- Task details -
All lines from the one containing "an Occidental student" through the end of the data below are to be repeated exactly, with pictures left out.

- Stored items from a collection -
====================
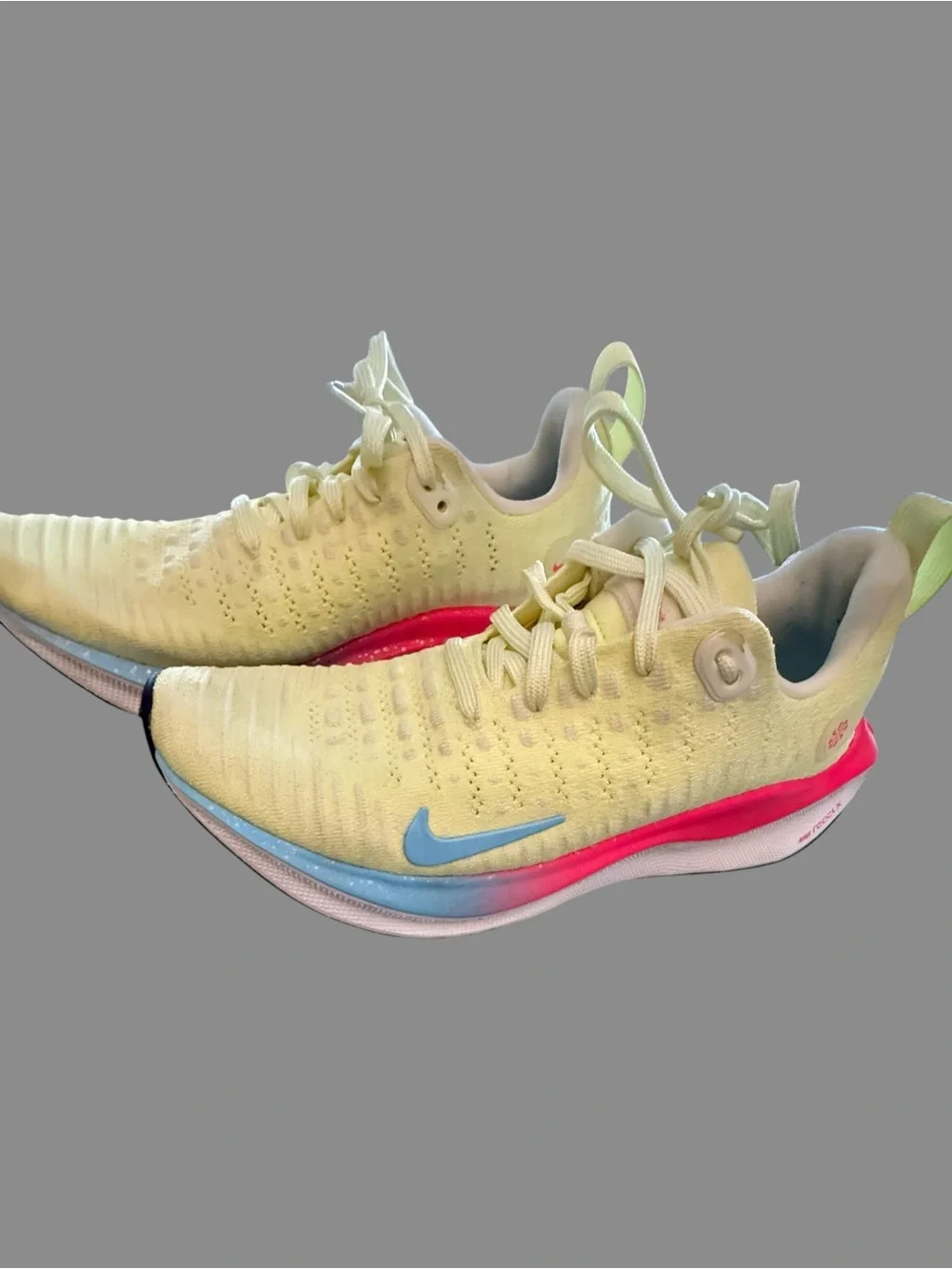 Nike Pale Yellow Running Shoes with Pink Midsole & Sky Blue Swoosh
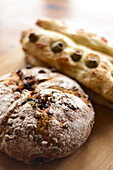 Homemade breads including steccas and carrot bread.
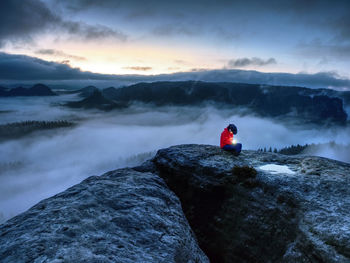 Nice woman sit on summit in hands hold lamp. girl wait in misty darkness for sun in high mountains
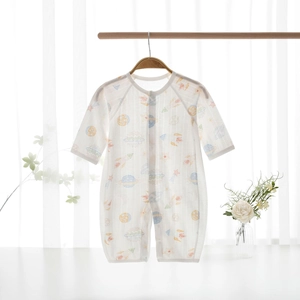 Detail of baby summer romper with colorful cartoon space prints and snap buttons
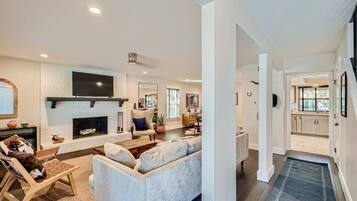 A modern living room with a fireplace, a flat-screen TV, and a dining area with a kitchen in the background.
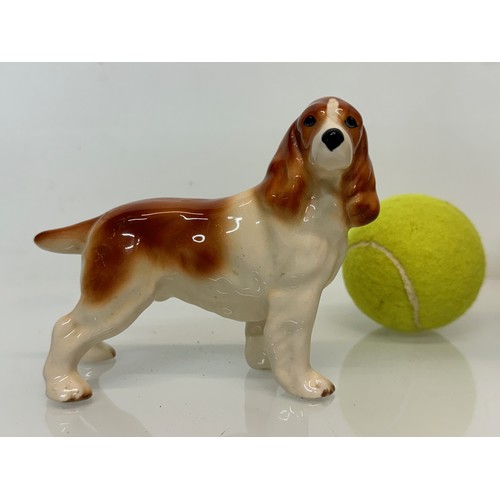 154 - Two ceramic dog figurines, a collie and a spaniel, Beswick?

This lot is available for in-house ship... 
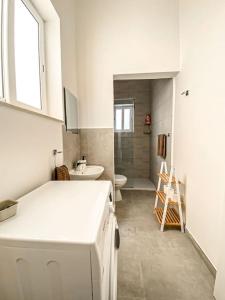 a white bathroom with a sink and a toilet at Unique two bedrooms apartment 6 in Il-Gżira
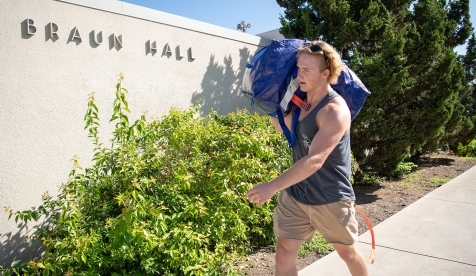 an Occidental student carries his duffel bag into the Braun Residence Hall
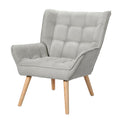 Light grey fabric grid-tufted wingback armchair with natural wood splayed legs angle view on white background
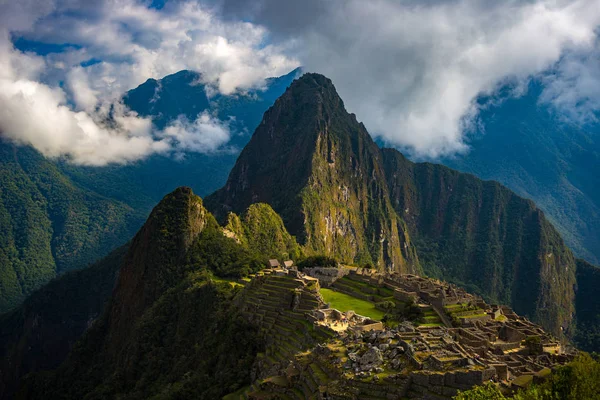 Machu Picchu iluminado por la primera luz del sol que sale de las nubes de apertura. La ciudad del Inca es el destino turístico más visitado en Perú. Niebla, nubes y niebla que cubren el valle . — Foto de Stock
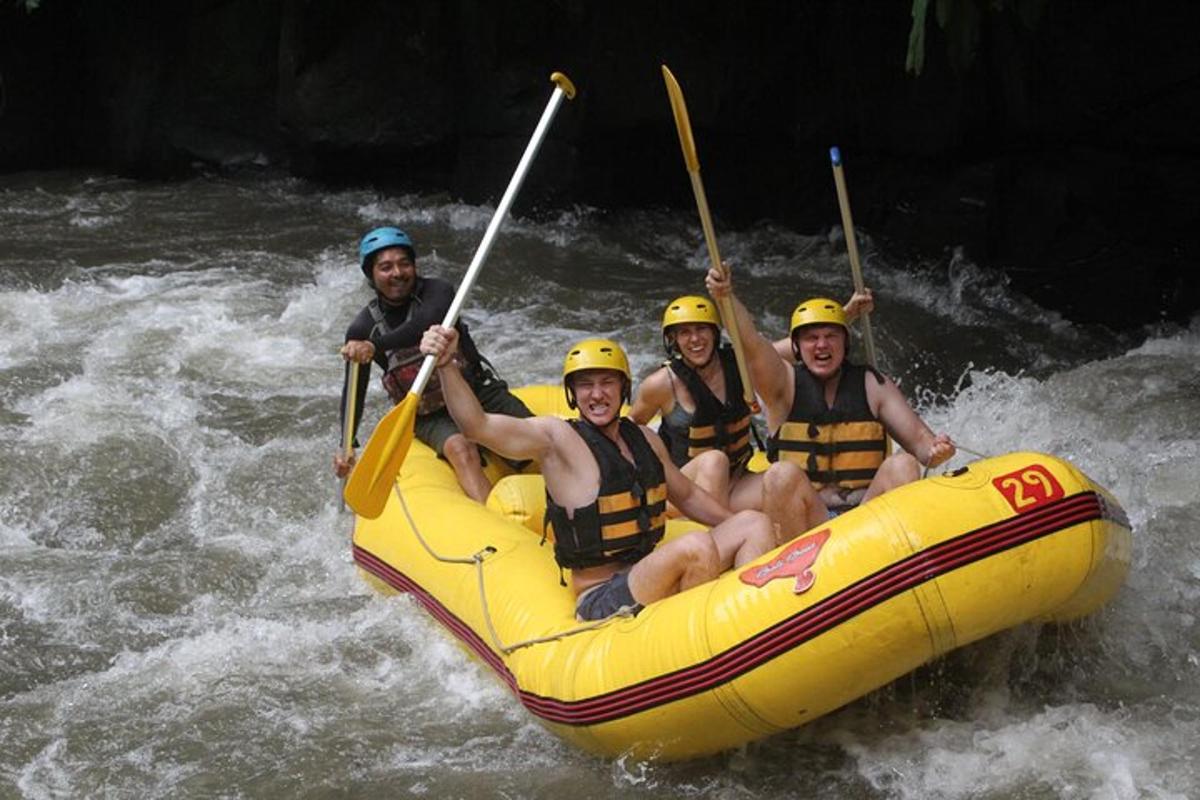 a group of people in a raft on a river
====================
- Answer area -
 an Occidental student carries his duffel bag into the Braun Residence Hall
 Light grey fabric grid-tufted wingback armchair with natural wood splayed legs angle view on white background
 Machu Picchu iluminado por la primera luz del sol que sale de las nubes de apertura. La ciudad del Inca es el destino turístico más visitado en Perú. Niebla, nubes y niebla que cubren el valle . — Foto de Stock
 a group of people in a raft on a river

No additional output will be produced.